Integrating consumer perspectives in developing and adapting psychological treatments (PTs) can enhance their acceptability in diverse cultural contexts.


To describe the explanatory models (EMs) of depression in South Asia with the goal of informing the content of culturally appropriate PTs for this region.


Two methods were used: a systematic review of published literature on the EMs of depression in South Asia; and in-depth interviews with persons with depression and family caregivers in two sites in India. Findings from both were analysed independently and then triangulated.

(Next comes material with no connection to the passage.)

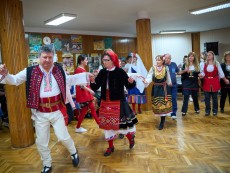 На „Зимна седянка” фолклорно с обичаи, традиции и народни хора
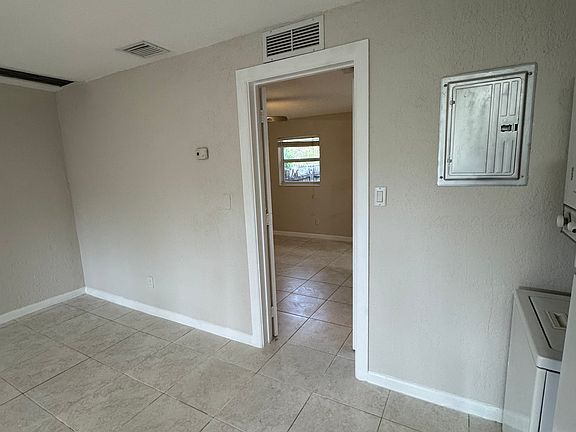 5th image of 700 SW 15th Ave APT 6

There were 19 studies meeting our inclusion criteria. Interviews were conducted with 27 patients and 10 caregivers. Findings were grouped under four broad categories: illness descriptions, perceived impact, causal beliefs and self-help forms of coping. Depression was characterised predominantly by somatic complaints, stress, low mood, and negative and ruminative thoughts. Patients experienced disturbances in interpersonal relationships occupational functioning, and stigma. Negative life events, particularly relationship difficulties, were perceived as the main cause. Patients mostly engaged in distracting activities, religious practices, and received support from family and friends to cope with the illness.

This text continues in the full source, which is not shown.